┌──

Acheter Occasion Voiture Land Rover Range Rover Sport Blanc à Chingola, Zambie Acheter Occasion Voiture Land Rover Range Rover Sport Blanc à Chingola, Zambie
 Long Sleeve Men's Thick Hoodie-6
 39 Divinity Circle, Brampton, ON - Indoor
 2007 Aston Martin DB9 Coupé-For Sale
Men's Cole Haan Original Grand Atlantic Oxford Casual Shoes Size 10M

└──

**About this task:** Retype exactly, please, only the lines of the entries that run from the one containing "39 Divinity Circle, Brampton, ON - Indoor" to the last.

**Answer for this exercise:**
 39 Divinity Circle, Brampton, ON - Indoor
 2007 Aston Martin DB9 Coupé-For Sale
Men's Cole Haan Original Grand Atlantic Oxford Casual Shoes Size 10M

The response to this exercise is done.